The debate over the right to use pyro and flares in football stadiums has gained a great deal of momentum in recent years. There is no doubt about it; the use of pyro to some fans is exciting. Photos of smoke bombs and flares being used at European matches give the impression of a colourful and high adrenaline crowd of fans.
There is little consensus or universal regulation on the use of flares during domestic competition. In England the supporters’ rights organization (FSF) has opened a campaign to keep them out of football stadiums as the vast majority of fans have voted for them to be banned. Conversely, fans across mainland Europe have campaigned aggressively to overturn the ban, often disregarding the rule all together. As a result, collective stadium bans have become commonplace throughout the continent’s terraces, only increasing tensions between fans and the football bodies.
Last March, the Rapid Vienna supporters were banned from sitting in the away sector in their derby against Austria Vienna after ignoring league warnings to limit their use of flares. Since, Rapid CEO Christoph Peschek pushed to reach an agreement with the league allowing his supporters a special exception to the rule.
The Ultras Rapid will now be allowed to use pyro four times per game as well as after every goal in pre established safety zones.
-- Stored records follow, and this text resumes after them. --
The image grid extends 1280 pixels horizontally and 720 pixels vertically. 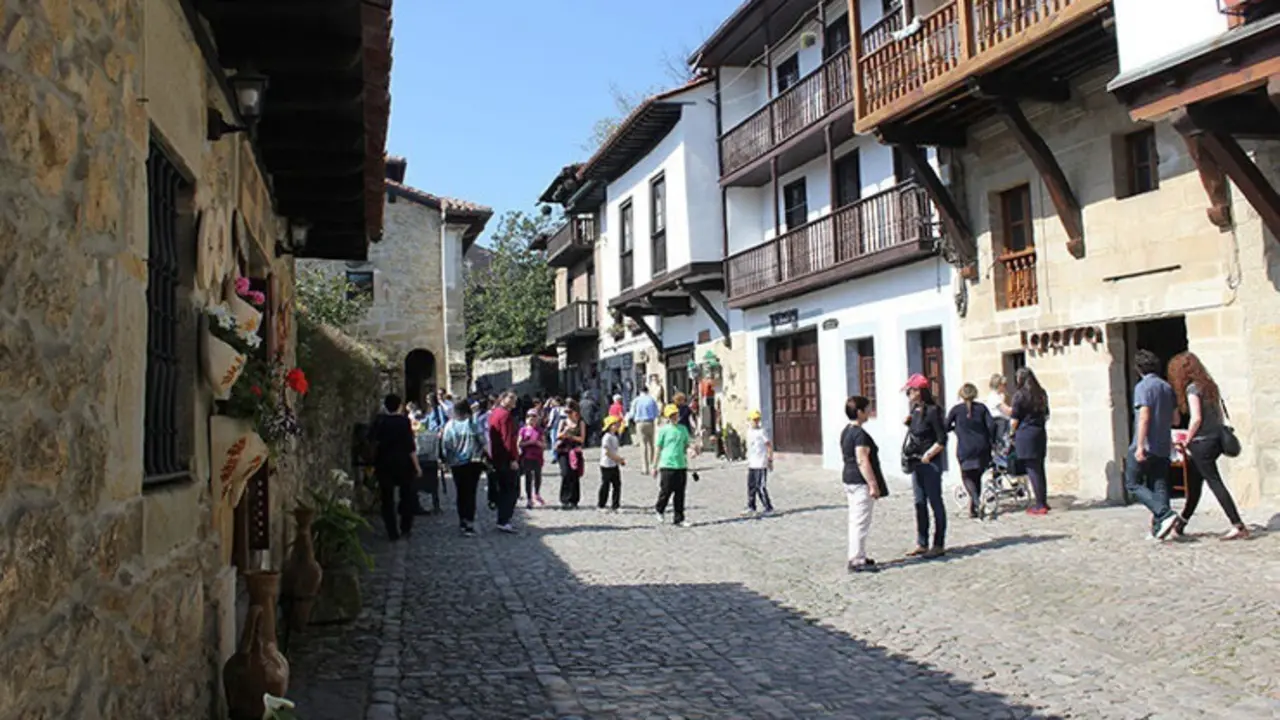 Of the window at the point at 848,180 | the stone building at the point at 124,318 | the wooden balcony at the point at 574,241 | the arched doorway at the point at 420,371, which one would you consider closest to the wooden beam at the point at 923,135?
the window at the point at 848,180

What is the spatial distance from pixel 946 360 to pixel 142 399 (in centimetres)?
1366

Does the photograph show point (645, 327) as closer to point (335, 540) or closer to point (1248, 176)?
point (1248, 176)

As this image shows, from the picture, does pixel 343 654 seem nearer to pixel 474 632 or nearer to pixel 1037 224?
pixel 474 632

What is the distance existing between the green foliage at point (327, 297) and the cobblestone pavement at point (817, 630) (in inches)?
569

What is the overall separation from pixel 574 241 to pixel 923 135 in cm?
2021

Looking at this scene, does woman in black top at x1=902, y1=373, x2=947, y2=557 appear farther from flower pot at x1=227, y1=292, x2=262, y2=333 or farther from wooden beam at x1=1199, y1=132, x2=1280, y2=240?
flower pot at x1=227, y1=292, x2=262, y2=333

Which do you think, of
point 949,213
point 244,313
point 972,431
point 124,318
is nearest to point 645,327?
point 949,213

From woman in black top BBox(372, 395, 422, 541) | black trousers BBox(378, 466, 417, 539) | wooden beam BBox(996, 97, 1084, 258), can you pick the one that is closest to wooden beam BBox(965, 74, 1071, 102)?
wooden beam BBox(996, 97, 1084, 258)

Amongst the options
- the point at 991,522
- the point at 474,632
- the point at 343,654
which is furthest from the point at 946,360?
the point at 343,654

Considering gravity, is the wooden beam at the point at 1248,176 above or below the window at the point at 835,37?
below

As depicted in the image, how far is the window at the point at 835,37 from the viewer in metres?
18.8

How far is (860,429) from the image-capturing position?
9.24 meters

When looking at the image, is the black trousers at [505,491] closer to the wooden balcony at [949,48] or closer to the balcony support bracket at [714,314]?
the wooden balcony at [949,48]

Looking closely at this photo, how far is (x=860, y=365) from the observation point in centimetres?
1888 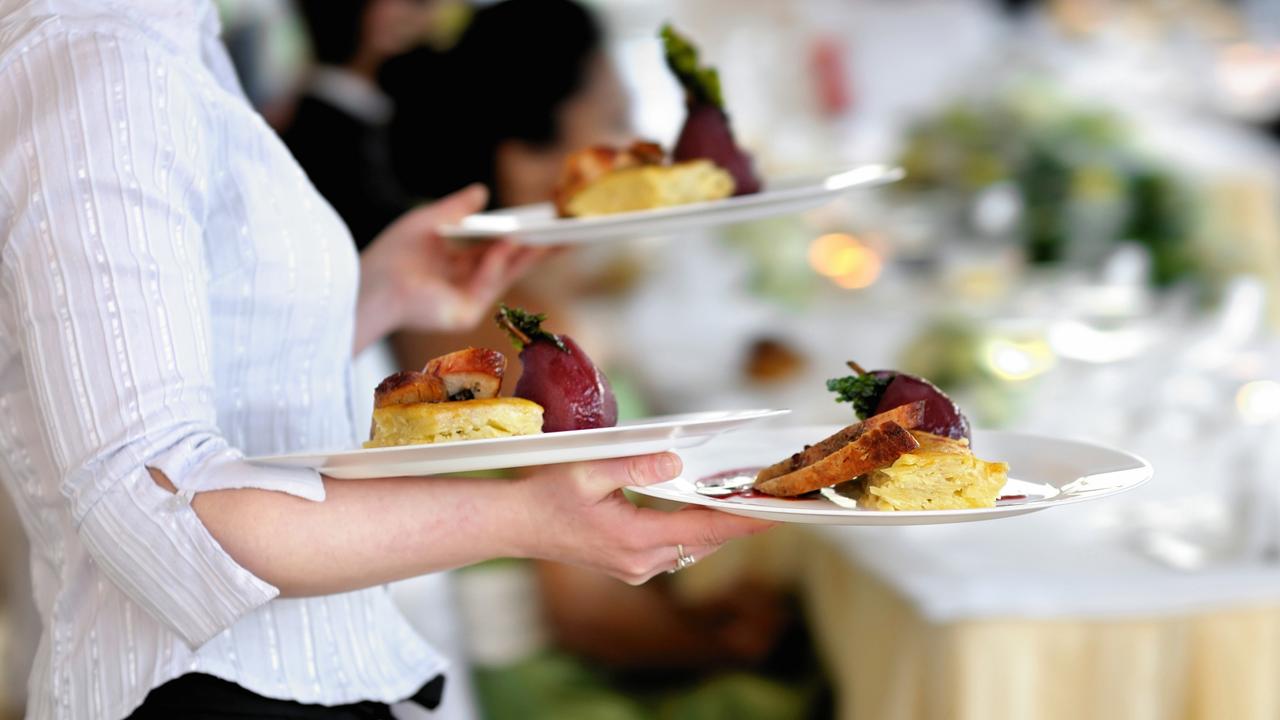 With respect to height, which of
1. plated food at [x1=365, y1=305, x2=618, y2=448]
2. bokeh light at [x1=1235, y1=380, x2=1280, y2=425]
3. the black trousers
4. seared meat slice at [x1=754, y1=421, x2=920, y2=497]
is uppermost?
plated food at [x1=365, y1=305, x2=618, y2=448]

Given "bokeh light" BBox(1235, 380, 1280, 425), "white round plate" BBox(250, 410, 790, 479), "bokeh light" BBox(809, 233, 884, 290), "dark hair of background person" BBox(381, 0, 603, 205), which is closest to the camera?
"white round plate" BBox(250, 410, 790, 479)

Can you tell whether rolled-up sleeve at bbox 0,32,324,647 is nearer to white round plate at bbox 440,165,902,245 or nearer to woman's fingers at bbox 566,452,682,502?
woman's fingers at bbox 566,452,682,502

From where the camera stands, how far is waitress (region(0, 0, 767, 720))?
33.0 inches

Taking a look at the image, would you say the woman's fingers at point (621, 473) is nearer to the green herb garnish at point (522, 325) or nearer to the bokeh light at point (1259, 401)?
the green herb garnish at point (522, 325)

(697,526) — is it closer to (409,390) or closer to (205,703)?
(409,390)

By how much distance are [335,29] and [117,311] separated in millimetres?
2877

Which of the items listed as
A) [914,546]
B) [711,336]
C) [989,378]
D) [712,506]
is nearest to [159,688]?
[712,506]

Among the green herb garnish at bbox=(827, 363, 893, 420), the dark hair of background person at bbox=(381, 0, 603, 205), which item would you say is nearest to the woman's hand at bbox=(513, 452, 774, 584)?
the green herb garnish at bbox=(827, 363, 893, 420)

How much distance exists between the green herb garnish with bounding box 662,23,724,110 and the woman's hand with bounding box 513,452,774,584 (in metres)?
0.63

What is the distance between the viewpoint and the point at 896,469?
0.91m

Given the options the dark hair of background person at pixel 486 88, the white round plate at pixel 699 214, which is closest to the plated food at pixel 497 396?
the white round plate at pixel 699 214

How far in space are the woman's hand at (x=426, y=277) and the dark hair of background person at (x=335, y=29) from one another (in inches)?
85.0

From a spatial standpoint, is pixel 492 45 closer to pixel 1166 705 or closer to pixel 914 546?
pixel 914 546

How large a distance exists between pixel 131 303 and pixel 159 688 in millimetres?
366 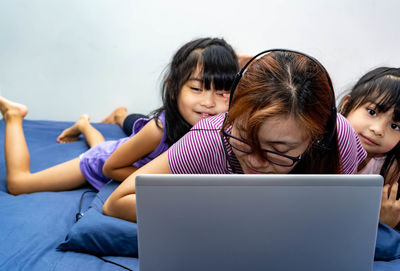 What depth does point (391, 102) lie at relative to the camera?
1.01 meters

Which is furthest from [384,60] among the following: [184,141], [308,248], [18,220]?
[18,220]

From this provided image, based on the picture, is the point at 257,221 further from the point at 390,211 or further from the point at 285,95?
the point at 390,211

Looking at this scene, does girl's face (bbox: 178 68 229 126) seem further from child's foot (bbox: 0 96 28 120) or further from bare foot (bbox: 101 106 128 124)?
bare foot (bbox: 101 106 128 124)

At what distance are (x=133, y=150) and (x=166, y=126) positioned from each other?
5.5 inches

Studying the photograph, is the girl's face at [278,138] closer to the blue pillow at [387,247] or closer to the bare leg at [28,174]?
the blue pillow at [387,247]

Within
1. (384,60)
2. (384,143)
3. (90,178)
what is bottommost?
(90,178)

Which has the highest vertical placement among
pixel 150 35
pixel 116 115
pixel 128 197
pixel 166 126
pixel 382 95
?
pixel 150 35

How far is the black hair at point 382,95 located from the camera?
1010 mm

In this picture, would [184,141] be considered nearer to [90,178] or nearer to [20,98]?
[90,178]

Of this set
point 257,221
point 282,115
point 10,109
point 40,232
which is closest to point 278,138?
point 282,115

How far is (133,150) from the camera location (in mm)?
1132

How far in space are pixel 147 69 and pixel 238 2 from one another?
70cm

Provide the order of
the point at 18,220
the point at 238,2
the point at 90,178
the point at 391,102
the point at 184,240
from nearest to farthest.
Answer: the point at 184,240, the point at 18,220, the point at 391,102, the point at 90,178, the point at 238,2

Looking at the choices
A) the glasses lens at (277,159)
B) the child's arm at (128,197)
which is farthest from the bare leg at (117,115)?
the glasses lens at (277,159)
This is not the first time that authorities in Austria have made a special agreement with football fans, however it is a step in the right direction, after years of increased repression.
Last weekend Rapid Vienna defeated rivals Austria Vienna at home in the Vienna Derby. They elected not to use any pyro, and rather decorate their stands with choreographies depicting the cities major monuments. As the season draws to a close, the Ultras Rapid have stated that they will not abide by the new rule and will continue to push for deregulation. In any case, its nice to see a clubs at least attempting to stand up to the football authorities in order to appease their supporters.